In questo senso l’inferno non è una condanna arbitraria escatologia, ma una scelta libera attuale consistente nel rinchiudersi tortuoso alla comunione. È «il volontario rifiuto della comunione con la divina bontà amante, con la vera vita» (40). Il peccato, dal canto suo, è «insuccesso nei confronti dell’esistenza e della vita; è l’insuccesso delle persone nel realizzare il loro fine esistenziale, nel confermare e nel conservare l’unicità della loro ipostasi con l’amore» (41).
Il giudizio
Peccare è innanzitutto arrendersi a una specie di inesistenza. Dio è giudice nella sua essenza. Il giudizio è il suo stesso atto d’essere, la sua verità che manifesta la verità stessa della creazione. Dio è la possibilità di vita e di esistenza vera. Quando l’uomo recide il rapporto con questa possibilità esistenziale, automaticamente è giudicato perché si è giudicato indegno della pienezza di vita.

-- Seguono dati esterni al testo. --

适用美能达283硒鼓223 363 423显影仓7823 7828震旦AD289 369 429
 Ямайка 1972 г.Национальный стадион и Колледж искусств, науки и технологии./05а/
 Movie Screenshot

Dato che l’uomo è plasmato a immagine di Dio, la presenza di Dio è de facto critica e criterio dell’esistenza umana. «Commettendo il peccato l’uomo “è già giudicato”: “Questo poi è il giudizio, che gli uomini hanno amato le tenebre più della luce” (Gv 3,18-19)». Il peccato, in breve, è autocondanna e autopunizione. È abbracciare la frammentazione e sposare la solitudine. In questo senso l’etica cristiana è “al di là del bene e del male” nel senso che «si riferisce a realtà ontologiche e non a categorie assiologiche» (44).
Rinascita
L’uomo rinasce in Cristo, supera la spinta autodistruttiva, quando converte e fa convergere la sua libertà nell’amore folle di Cristo per la sua persona. È dire sì al sì di Dio. «Ciò che Dio vuole dall’uomo esistenzialmente alienato e annientato è un tentativo anche piccolissimo di rifiutare la sua autosufficienza individuale e di contrastare gli impulsi della sua chiusa individualità per voler vivere come amato e amante» (65).

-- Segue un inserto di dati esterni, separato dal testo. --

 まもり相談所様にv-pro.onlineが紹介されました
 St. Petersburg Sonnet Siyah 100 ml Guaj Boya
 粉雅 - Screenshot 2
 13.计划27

Questa dimensione comunionale verticale si apre naturalmente a una comunione orizzontale, a un ethos liturgico. La Chiesa ortodossa sottolinea, come la Chiesa cattolica, la necessità delle buone opere come esplicitazione della verità implicita nella prassi-realità della vita. Le buone opere sono manifestazione della vita in Dio, sono rivelative della verità ipostatica. Per il suo volto liturgico, «l’etica della chiesa si trova agli antipodi di ogni etica filosofica, sociale e religiosa, perché essa rifiuta la virtù individuale, il successo privato, la considerazione assiologica dell’individuo». Non si è cristiani per la propria virtù. Lo si è per il dono della grazia e per diventare dono grazioso.
Divinizzazione
L’ethos liturgico si traduce in ethos cosmico ed ecologico e si “consumma” nella liturgia eucaristica dove la chiesa torna «all’uso personale del mondo». Nell’eucaristia si assume il mondo, lo si benedice, si ringrazia per esso e lo si fa diventare grazie e grazia. La transustanziazione effettuata accoglie Dio nel cuore del mondo e il mondo nel cuore di Dio.

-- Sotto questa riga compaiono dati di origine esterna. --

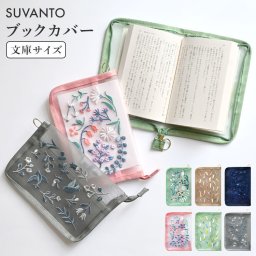 ブックカバー 文庫 SUVANTO かわいい おしゃれ 文庫本 文庫カバー 読書カバー メッシュ 刺繍 ファスナー付き 持ち運び 持ち歩き 読書 本 カバー 花柄 フラワー 植物 ボタニカル シンプル 北欧 ミント ベージュ ネイビー 文学 女性 通勤 母の日 ギフト 誕生日 プレゼント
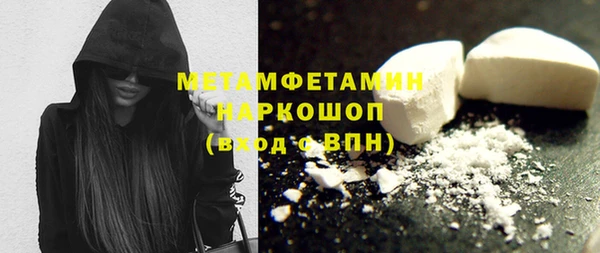 эйфоретик Бронницы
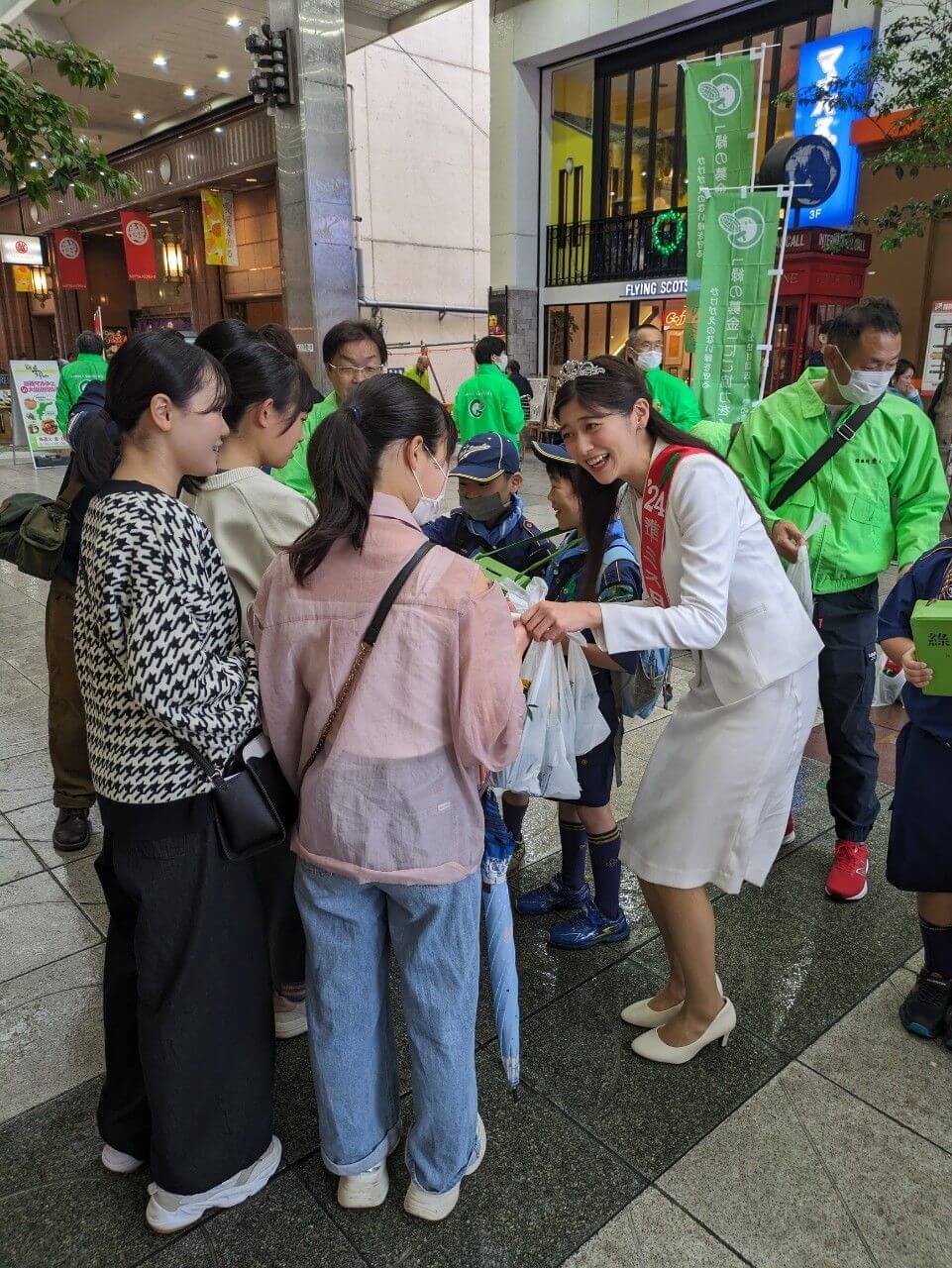 愛媛県植樹祭に準ミス日本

È la primizia della divinizzazione: «L’assunzione della carne del mondo da parte di Cristo, la trasformazione del pane e del vino in corpo e sangue del Dio incarnato è la primizia dinamica della trasformazione di tutto l’uso del mondo, della relazione universale dell’uomo con il creato. L’uomo ha ora la possibilità di assumere il mondo entro una relazione personale eucaristica con Dio, la possibilità di trasfigurare quest’assunzione in offerta di restituzione del mondo a Dio e di utilizzare il mondo come materiale che può donare carne a colui che è senza carne e contenere colui che non può essere contenuto» (116).